Die Demokraten argumentieren weiterhin, dass die Verbindung von World Liberty zu ausländischen Investoren und Krypto-Partnern, die zuvor mit illegalem Verhalten in Verbindung gebracht wurden – einschließlich der globalen Börse Binance –, darauf hindeutet, dass sie nicht für eine US-Bankencharta geeignet ist, und sie haben argumentiert, dass es für einen von Trump ernannten Kandidaten unangemessen sei, darüber zu entscheiden, ob einem Unternehmen, das sich teilweise im Besitz des Präsidenten und seiner Familie befindet, ein solcher Vorteil gewährt werden soll.
Während des verbalen Streits am Donnerstag sagte Gould, dass seine Agentur bei der Beantragung einer nationalen Treuhandbank-Charta für die World Liberty Trust Company die Ethikgesetze befolge.

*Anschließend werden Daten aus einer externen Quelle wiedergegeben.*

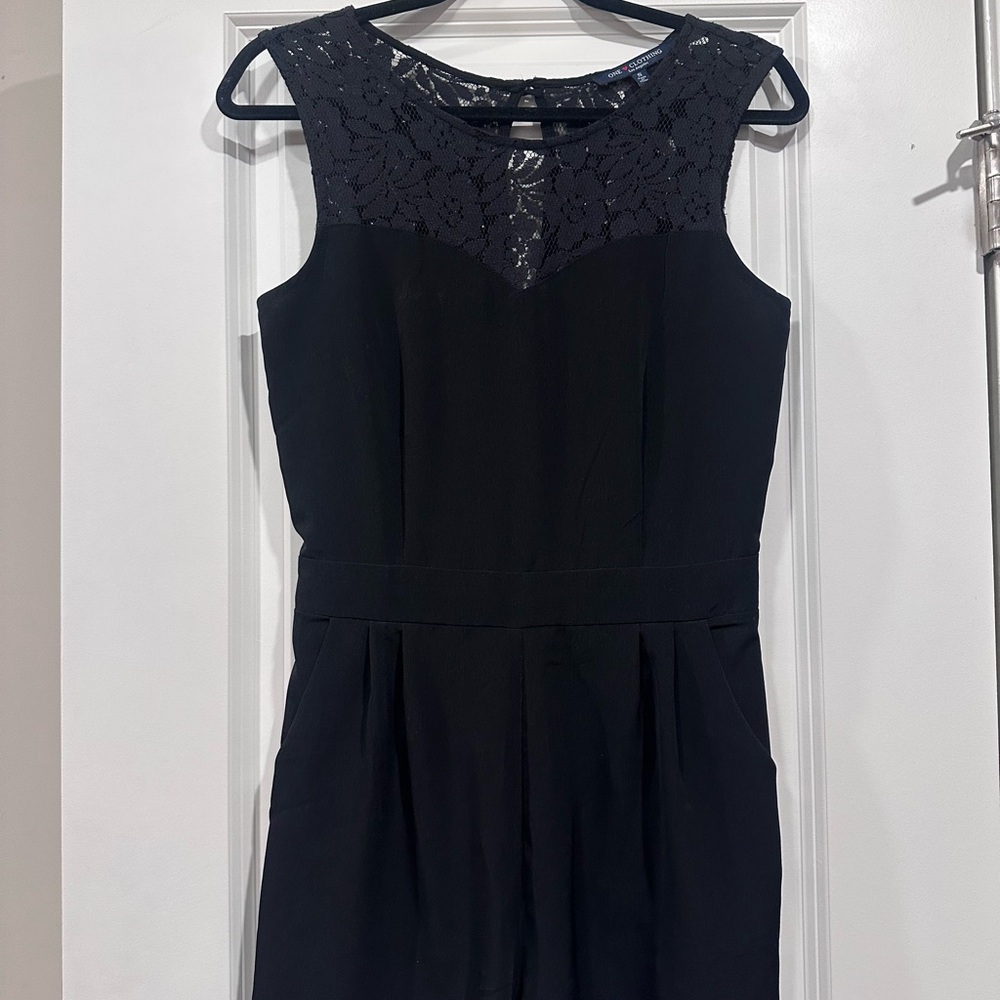 One Clothing Black Sleeveless Romper with Lace Detail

Das mit Trump verbundene Unternehmen ist auch ein Stablecoin-Emittent, was ein zentrales Thema der Anhörung des Finanzdienstleistungsausschusses des Repräsentantenhauses war, bei der die US-Aufseher der Banken- und Kreditgenossenschaftsbranche erklärten, wo sie bei der Umsetzung des Guiding and Establishing National Innovation for U.S. Stablecoins ($GENIUS) Act stehen.
Die Aufsichtsbehörden haben bereits mehrere Regelvorschläge zur Umsetzung des neuen Gesetzes herausgegeben, und der Vorsitzende der Federal Deposit Insurance Corp., Travis Hill, sagte, ein weiterer werde bald folgen. Seine Behörde und andere würden „in sehr naher Zukunft“ eine Regel vorschlagen, die „Kundenidentifizierungsprogramme“ für Stablecoin-Emittenten vorschreibe.
Kyle Hauptman, Vorsitzender der National Credit Union Administration, wies in seiner Aussage auf den Aufstieg von Stablecoins in den USA hin.
„Da Stablecoins immer weiter verbreitet sind, macht man sich über uns Amerikaner vielleicht nicht mehr lustig, wenn wir darüber sprechen, wie viele ‚Geschäftstage‘ eine Zahlung für die Abwicklung in Anspruch nehmen wird. Bei Stablecoins ist jeder Tag ein Werktag“, sagte er. „Steuerrückerstattungen können irgendwann an Sonn- und Feiertagen eintreffen. Und sollte es jemals zu einer Wiederholung des COVID-Ausbruchs im März 2020 kommen, sollten die Amerikaner in der Lage sein, Notfallkonjunkturmittel schneller und sicherer zu erhalten.“
Aber der Abgeordnete Brad Sherman, ein kalifornischer Demokrat, der sich regelmäßig gegen die Risiken von Kryptowährungen ausspricht, sagte: „Ich kann mir keine schlechtere Idee vorstellen“, als staatliche Zahlungen in Stablecoins zuzulassen. „Es würde eine Alternative zum US-Dollar heiligen, eine Alternative, die eine Steuerhinterziehungswirtschaft erleichtern soll.“
Sherman argumentierte auch, dass der $GENIUS Act „verlangt, dass auf Stablecoins keine Zinsen gezahlt werden“, und er behauptete, dass „die klügsten oder zumindest bestbezahlten Anwälte des Landes“ versuchen, Wege zu finden, um dieses Verbot zu umgehen, sodass die Regulierungsbehörden „Vorschriften schreiben müssen, die dem standhalten“.
Bei der Anhörung fragte ein Abgeordneter auch Michelle Bowman, stellvertretende Vorsitzende der Federal Reserve für Aufsicht, nach dem Fed-Masterkonto, das der Krypto-Börse Kraken gewährt wurde.
Bowman sagte, die Genehmigung gewährte nur „sehr eingeschränkten Zugang zum Zahlungssystem“ und zwar für einen zunächst kurzen Zeitraum von 12 Monaten. Während dieser Zeit werde die Fed die Genehmigung genau beobachten, um sich über formelle Regeln für die Bereitstellung solcher Konten zu informieren. Auch der Rest der Kryptoindustrie ist sehr an den Ergebnissen der politischen Arbeit der Fed zur Öffnung eines solchen Zugangs zum Zahlungssystem und den Zahlungsdiensten der Zentralbank, allgemein bekannt als „dünne“ Hauptkonten, interessiert.